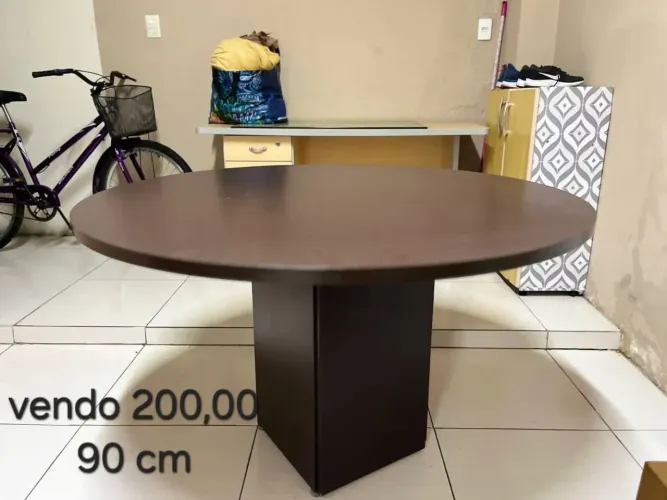 Mesa Redonda em MDF 90 cm com Compartimento Interno - Multifuncional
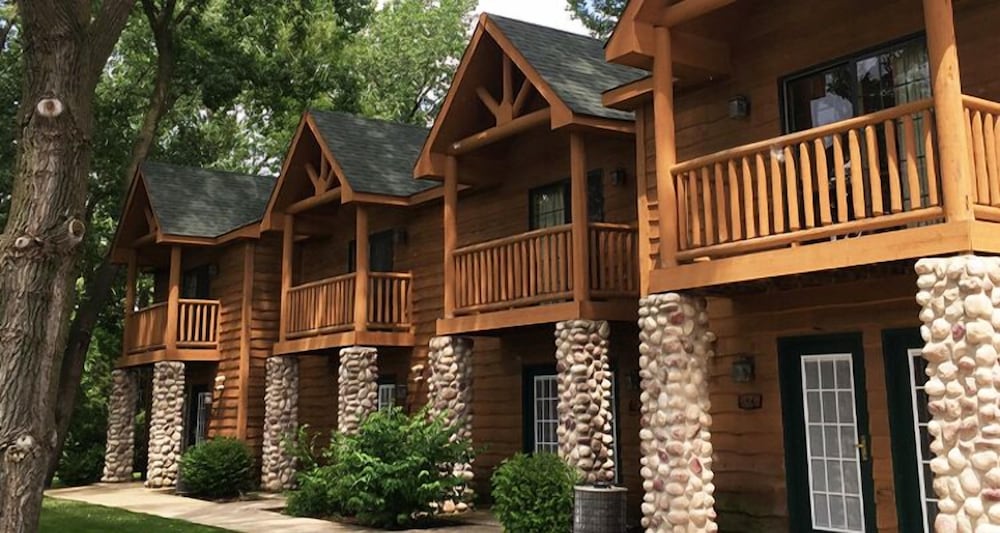 Grand Bear Resort at Starved Rock 4/57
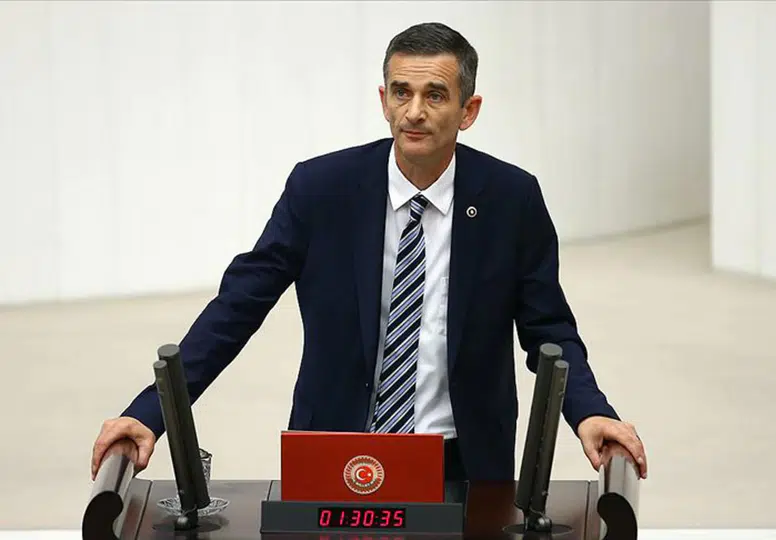 Siyaset kulislerini hareketlendiren ayrılık: CHP'ye veda etti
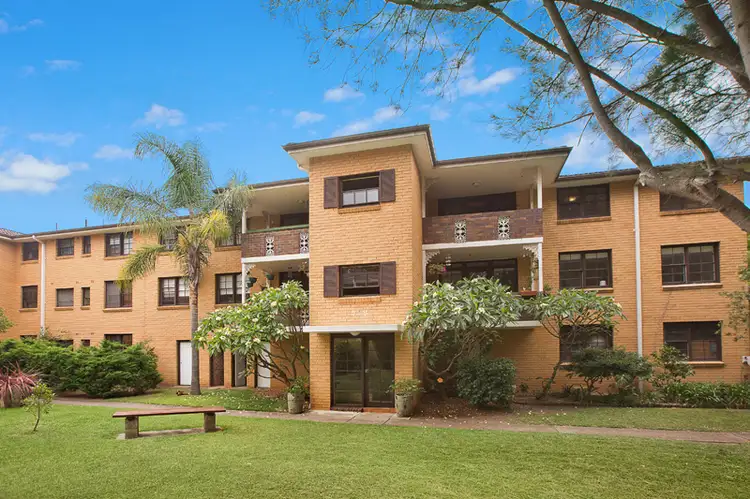 Second view of Homely apartment listing, 7/33 Palomar Parade, Freshwater NSW 2096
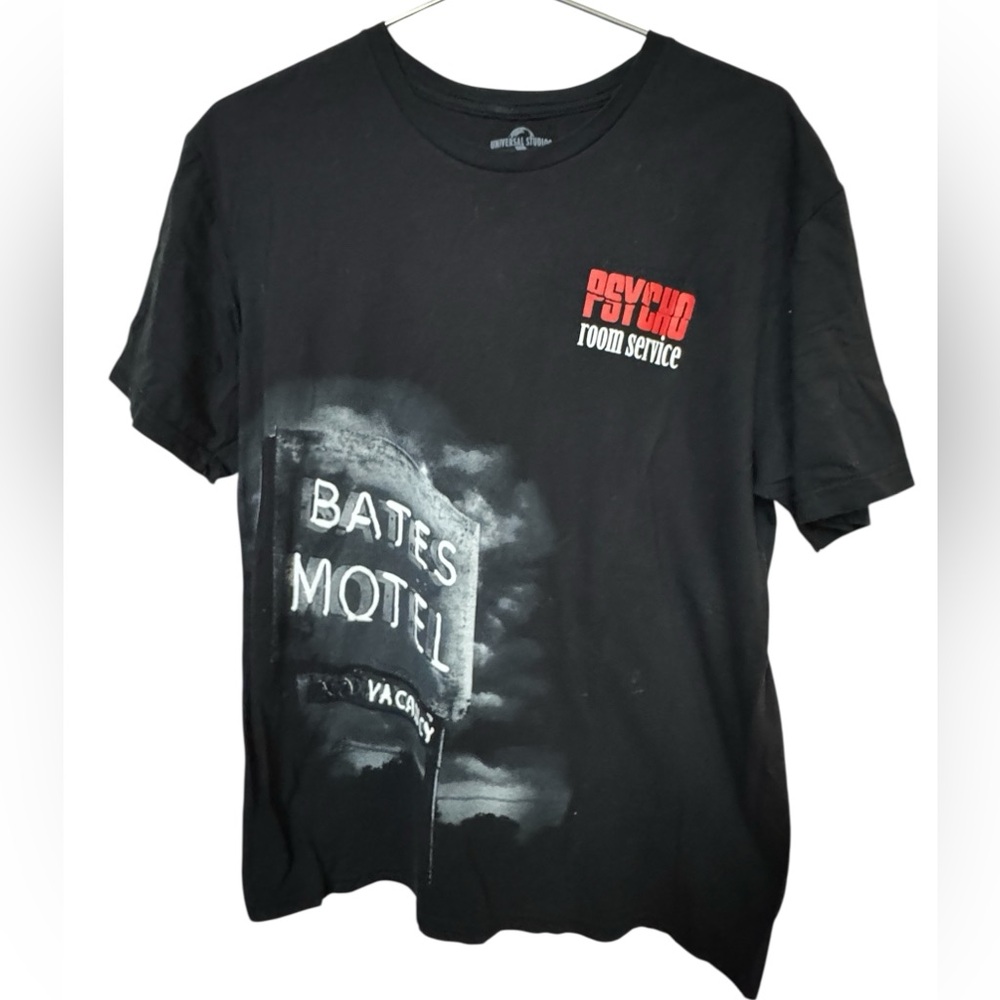 Universal Studios Horror Psycho Room Service Bates Motel Men’s L T-Shirt Movie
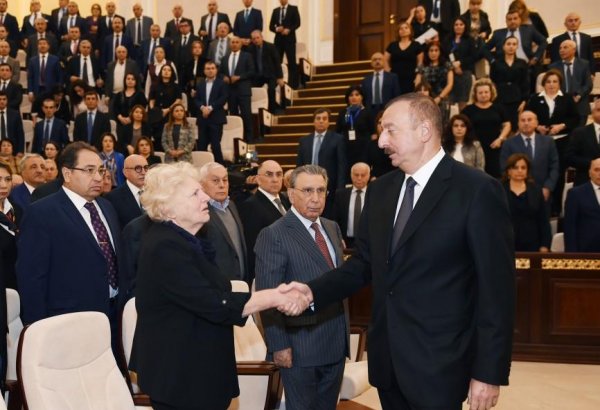 Ilham Aliyev attends farewell ceremony for eminent Azerbaijani scientist Lotfi Zadeh  (PHOTO)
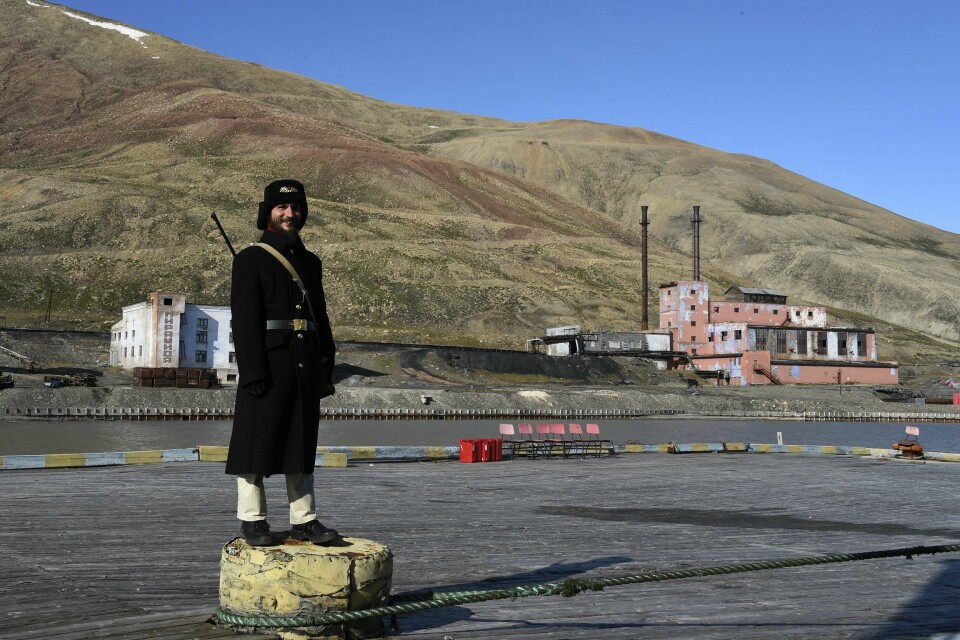 En russisk vakt passer på Pyramiden, den forlatte russiske gruvebyen på Svalbard, i 2015. Sovjetunionen kjøpte Pyramiden fra kullgruvas svenske eiere i 1927, og driftet den fram til 1998. På det meste var det 1200 fastboende her. Nå prøver russerne å tiltrekke seg turister til området. En russisk vakt passer på Pyramiden, den forlatte russiske gruvebyen på Svalbard, i 2015. Sovjetunionen kjøpte Pyramiden fra kullgruvas svenske eiere i 1927, og driftet den fram til 1998. En gang var det 1200 fastboende her. Nå prøver russerne å tiltrekke seg turister til området.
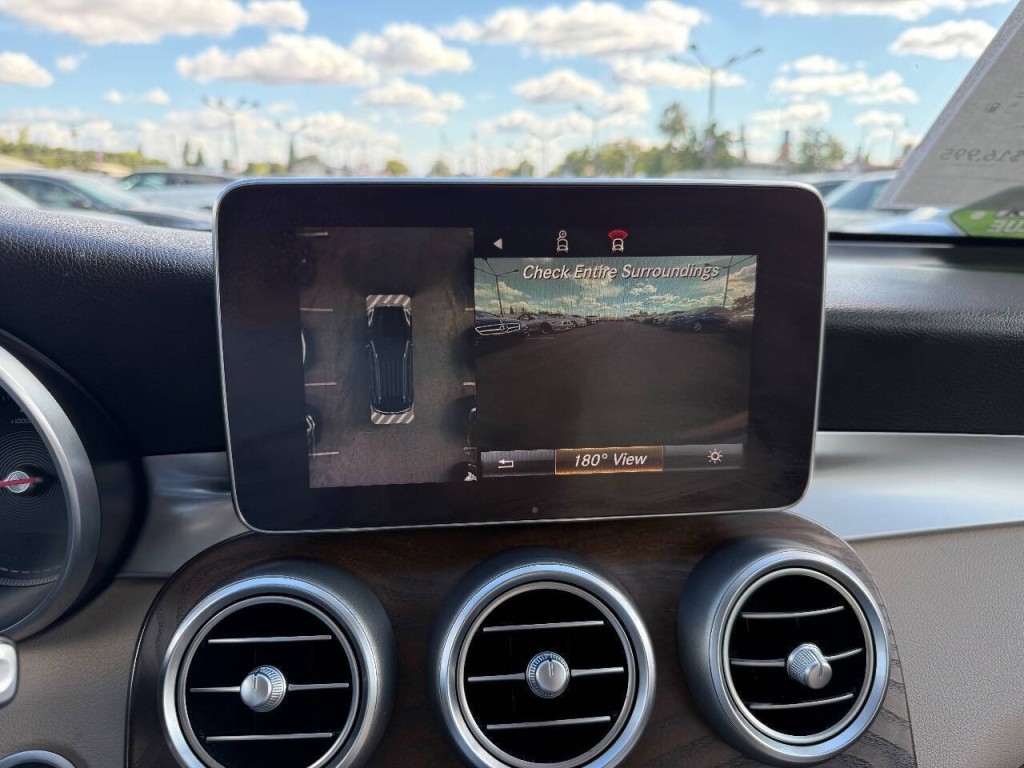 2019 Mercedes-Benz GLC-Class Image 15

==========

- **Work to complete**:
From the line with "Siyaset kulislerini hareketlendiren" through the final line of the records above, return each line exactly and nothing else. Pictures are to be skipped.

- **Response below**:
 Siyaset kulislerini hareketlendiren ayrılık: CHP'ye veda etti
 Second view of Homely apartment listing, 7/33 Palomar Parade, Freshwater NSW 2096
 Universal Studios Horror Psycho Room Service Bates Motel Men’s L T-Shirt Movie
 Ilham Aliyev attends farewell ceremony for eminent Azerbaijani scientist Lotfi Zadeh  (PHOTO)
 En russisk vakt passer på Pyramiden, den forlatte russiske gruvebyen på Svalbard, i 2015. Sovjetunionen kjøpte Pyramiden fra kullgruvas svenske eiere i 1927, og driftet den fram til 1998. På det meste var det 1200 fastboende her. Nå prøver russerne å tiltrekke seg turister til området. En russisk vakt passer på Pyramiden, den forlatte russiske gruvebyen på Svalbard, i 2015. Sovjetunionen kjøpte Pyramiden fra kullgruvas svenske eiere i 1927, og driftet den fram til 1998. En gang var det 1200 fastboende her. Nå prøver russerne å tiltrekke seg turister til området.
 2019 Mercedes-Benz GLC-Class Image 15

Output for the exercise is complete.